ACTIVITY » This task calls for every line of the material to be output verbatim.
── RECORDS FOR THE EXERCISE
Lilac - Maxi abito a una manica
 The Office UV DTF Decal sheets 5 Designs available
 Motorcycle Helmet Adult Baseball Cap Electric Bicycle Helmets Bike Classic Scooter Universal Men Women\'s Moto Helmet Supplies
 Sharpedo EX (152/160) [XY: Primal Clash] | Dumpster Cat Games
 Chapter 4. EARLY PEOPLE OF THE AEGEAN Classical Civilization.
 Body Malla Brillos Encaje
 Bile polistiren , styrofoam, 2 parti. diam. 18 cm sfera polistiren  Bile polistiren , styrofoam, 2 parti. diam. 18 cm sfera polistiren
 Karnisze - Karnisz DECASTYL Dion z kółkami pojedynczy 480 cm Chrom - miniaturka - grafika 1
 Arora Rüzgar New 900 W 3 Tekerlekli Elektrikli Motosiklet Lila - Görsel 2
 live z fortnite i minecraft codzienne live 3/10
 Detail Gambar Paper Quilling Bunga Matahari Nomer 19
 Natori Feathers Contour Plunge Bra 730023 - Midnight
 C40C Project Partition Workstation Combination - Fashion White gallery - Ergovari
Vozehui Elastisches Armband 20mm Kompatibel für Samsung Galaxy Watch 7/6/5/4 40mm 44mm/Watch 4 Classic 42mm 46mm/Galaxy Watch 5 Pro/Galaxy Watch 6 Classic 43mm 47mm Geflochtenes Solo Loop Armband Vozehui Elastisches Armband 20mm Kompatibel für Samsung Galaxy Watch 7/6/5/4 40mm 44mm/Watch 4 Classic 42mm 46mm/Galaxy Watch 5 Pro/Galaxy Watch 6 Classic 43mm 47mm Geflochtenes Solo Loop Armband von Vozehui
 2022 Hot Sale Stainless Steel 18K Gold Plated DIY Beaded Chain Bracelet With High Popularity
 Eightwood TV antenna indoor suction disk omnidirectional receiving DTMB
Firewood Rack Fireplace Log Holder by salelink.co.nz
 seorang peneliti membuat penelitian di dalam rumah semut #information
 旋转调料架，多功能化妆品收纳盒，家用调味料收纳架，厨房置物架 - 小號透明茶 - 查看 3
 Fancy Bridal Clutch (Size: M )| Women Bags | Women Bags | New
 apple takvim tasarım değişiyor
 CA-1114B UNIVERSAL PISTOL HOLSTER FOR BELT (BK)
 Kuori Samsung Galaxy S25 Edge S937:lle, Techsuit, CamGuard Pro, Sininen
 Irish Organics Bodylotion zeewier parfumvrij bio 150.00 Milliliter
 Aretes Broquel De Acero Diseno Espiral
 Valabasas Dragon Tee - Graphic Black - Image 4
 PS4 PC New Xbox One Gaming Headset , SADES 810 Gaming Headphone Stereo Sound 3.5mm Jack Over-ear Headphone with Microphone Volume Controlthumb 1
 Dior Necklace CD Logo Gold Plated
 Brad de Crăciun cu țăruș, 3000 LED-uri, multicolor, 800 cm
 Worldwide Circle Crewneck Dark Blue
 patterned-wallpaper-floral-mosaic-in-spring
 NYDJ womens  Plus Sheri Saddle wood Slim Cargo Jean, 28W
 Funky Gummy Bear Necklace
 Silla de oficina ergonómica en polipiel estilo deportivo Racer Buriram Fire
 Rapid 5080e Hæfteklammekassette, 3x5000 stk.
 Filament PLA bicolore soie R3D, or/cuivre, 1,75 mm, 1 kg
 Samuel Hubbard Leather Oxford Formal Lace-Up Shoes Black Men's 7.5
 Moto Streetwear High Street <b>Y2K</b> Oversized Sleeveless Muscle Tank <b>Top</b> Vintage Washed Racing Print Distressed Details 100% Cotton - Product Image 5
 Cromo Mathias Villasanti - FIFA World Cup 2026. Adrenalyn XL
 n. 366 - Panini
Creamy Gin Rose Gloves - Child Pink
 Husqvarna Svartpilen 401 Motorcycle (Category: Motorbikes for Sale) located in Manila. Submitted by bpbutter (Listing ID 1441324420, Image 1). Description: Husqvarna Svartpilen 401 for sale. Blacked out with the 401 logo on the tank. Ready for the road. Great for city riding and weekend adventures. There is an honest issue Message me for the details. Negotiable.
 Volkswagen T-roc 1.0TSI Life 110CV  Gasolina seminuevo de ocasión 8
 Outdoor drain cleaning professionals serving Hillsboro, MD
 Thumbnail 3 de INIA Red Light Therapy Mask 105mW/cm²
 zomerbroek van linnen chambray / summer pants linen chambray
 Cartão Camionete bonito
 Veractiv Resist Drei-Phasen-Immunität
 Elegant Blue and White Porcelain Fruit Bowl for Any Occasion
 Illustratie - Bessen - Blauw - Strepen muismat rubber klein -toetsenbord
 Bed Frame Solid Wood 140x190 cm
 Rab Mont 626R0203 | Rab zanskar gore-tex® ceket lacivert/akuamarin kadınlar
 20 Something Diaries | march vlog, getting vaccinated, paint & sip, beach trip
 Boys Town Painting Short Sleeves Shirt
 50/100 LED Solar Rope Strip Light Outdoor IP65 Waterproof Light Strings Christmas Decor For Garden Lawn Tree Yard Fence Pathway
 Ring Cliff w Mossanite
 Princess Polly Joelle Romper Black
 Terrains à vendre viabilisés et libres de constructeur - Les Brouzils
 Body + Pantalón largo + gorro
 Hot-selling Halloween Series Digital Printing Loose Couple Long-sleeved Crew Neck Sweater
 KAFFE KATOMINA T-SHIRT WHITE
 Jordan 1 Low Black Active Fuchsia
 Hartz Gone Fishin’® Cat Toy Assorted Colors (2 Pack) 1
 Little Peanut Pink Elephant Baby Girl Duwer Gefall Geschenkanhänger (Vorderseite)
────
REPLY TO THE EXERCISE »
Lilac - Maxi abito a una manica
 The Office UV DTF Decal sheets 5 Designs available
 Motorcycle Helmet Adult Baseball Cap Electric Bicycle Helmets Bike Classic Scooter Universal Men Women\'s Moto Helmet Supplies
 Sharpedo EX (152/160) [XY: Primal Clash] | Dumpster Cat Games
 Chapter 4. EARLY PEOPLE OF THE AEGEAN Classical Civilization.
 Body Malla Brillos Encaje
 Bile polistiren , styrofoam, 2 parti. diam. 18 cm sfera polistiren  Bile polistiren , styrofoam, 2 parti. diam. 18 cm sfera polistiren
 Karnisze - Karnisz DECASTYL Dion z kółkami pojedynczy 480 cm Chrom - miniaturka - grafika 1
 Arora Rüzgar New 900 W 3 Tekerlekli Elektrikli Motosiklet Lila - Görsel 2
 live z fortnite i minecraft codzienne live 3/10
 Detail Gambar Paper Quilling Bunga Matahari Nomer 19
 Natori Feathers Contour Plunge Bra 730023 - Midnight
 C40C Project Partition Workstation Combination - Fashion White gallery - Ergovari
Vozehui Elastisches Armband 20mm Kompatibel für Samsung Galaxy Watch 7/6/5/4 40mm 44mm/Watch 4 Classic 42mm 46mm/Galaxy Watch 5 Pro/Galaxy Watch 6 Classic 43mm 47mm Geflochtenes Solo Loop Armband Vozehui Elastisches Armband 20mm Kompatibel für Samsung Galaxy Watch 7/6/5/4 40mm 44mm/Watch 4 Classic 42mm 46mm/Galaxy Watch 5 Pro/Galaxy Watch 6 Classic 43mm 47mm Geflochtenes Solo Loop Armband von Vozehui
 2022 Hot Sale Stainless Steel 18K Gold Plated DIY Beaded Chain Bracelet With High Popularity
 Eightwood TV antenna indoor suction disk omnidirectional receiving DTMB
Firewood Rack Fireplace Log Holder by salelink.co.nz
 seorang peneliti membuat penelitian di dalam rumah semut #information
 旋转调料架，多功能化妆品收纳盒，家用调味料收纳架，厨房置物架 - 小號透明茶 - 查看 3
 Fancy Bridal Clutch (Size: M )| Women Bags | Women Bags | New
 apple takvim tasarım değişiyor
 CA-1114B UNIVERSAL PISTOL HOLSTER FOR BELT (BK)
 Kuori Samsung Galaxy S25 Edge S937:lle, Techsuit, CamGuard Pro, Sininen
 Irish Organics Bodylotion zeewier parfumvrij bio 150.00 Milliliter
 Aretes Broquel De Acero Diseno Espiral
 Valabasas Dragon Tee - Graphic Black - Image 4
 PS4 PC New Xbox One Gaming Headset , SADES 810 Gaming Headphone Stereo Sound 3.5mm Jack Over-ear Headphone with Microphone Volume Controlthumb 1
 Dior Necklace CD Logo Gold Plated
 Brad de Crăciun cu țăruș, 3000 LED-uri, multicolor, 800 cm
 Worldwide Circle Crewneck Dark Blue
 patterned-wallpaper-floral-mosaic-in-spring
 NYDJ womens  Plus Sheri Saddle wood Slim Cargo Jean, 28W
 Funky Gummy Bear Necklace
 Silla de oficina ergonómica en polipiel estilo deportivo Racer Buriram Fire
 Rapid 5080e Hæfteklammekassette, 3x5000 stk.
 Filament PLA bicolore soie R3D, or/cuivre, 1,75 mm, 1 kg
 Samuel Hubbard Leather Oxford Formal Lace-Up Shoes Black Men's 7.5
 Moto Streetwear High Street <b>Y2K</b> Oversized Sleeveless Muscle Tank <b>Top</b> Vintage Washed Racing Print Distressed Details 100% Cotton - Product Image 5
 Cromo Mathias Villasanti - FIFA World Cup 2026. Adrenalyn XL
 n. 366 - Panini
Creamy Gin Rose Gloves - Child Pink
 Husqvarna Svartpilen 401 Motorcycle (Category: Motorbikes for Sale) located in Manila. Submitted by bpbutter (Listing ID 1441324420, Image 1). Description: Husqvarna Svartpilen 401 for sale. Blacked out with the 401 logo on the tank. Ready for the road. Great for city riding and weekend adventures. There is an honest issue Message me for the details. Negotiable.
 Volkswagen T-roc 1.0TSI Life 110CV  Gasolina seminuevo de ocasión 8
 Outdoor drain cleaning professionals serving Hillsboro, MD
 Thumbnail 3 de INIA Red Light Therapy Mask 105mW/cm²
 zomerbroek van linnen chambray / summer pants linen chambray
 Cartão Camionete bonito
 Veractiv Resist Drei-Phasen-Immunität
 Elegant Blue and White Porcelain Fruit Bowl for Any Occasion
 Illustratie - Bessen - Blauw - Strepen muismat rubber klein -toetsenbord
 Bed Frame Solid Wood 140x190 cm
 Rab Mont 626R0203 | Rab zanskar gore-tex® ceket lacivert/akuamarin kadınlar
 20 Something Diaries | march vlog, getting vaccinated, paint & sip, beach trip
 Boys Town Painting Short Sleeves Shirt
 50/100 LED Solar Rope Strip Light Outdoor IP65 Waterproof Light Strings Christmas Decor For Garden Lawn Tree Yard Fence Pathway
 Ring Cliff w Mossanite
 Princess Polly Joelle Romper Black
 Terrains à vendre viabilisés et libres de constructeur - Les Brouzils
 Body + Pantalón largo + gorro
 Hot-selling Halloween Series Digital Printing Loose Couple Long-sleeved Crew Neck Sweater
 KAFFE KATOMINA T-SHIRT WHITE
 Jordan 1 Low Black Active Fuchsia
 Hartz Gone Fishin’® Cat Toy Assorted Colors (2 Pack) 1
 Little Peanut Pink Elephant Baby Girl Duwer Gefall Geschenkanhänger (Vorderseite)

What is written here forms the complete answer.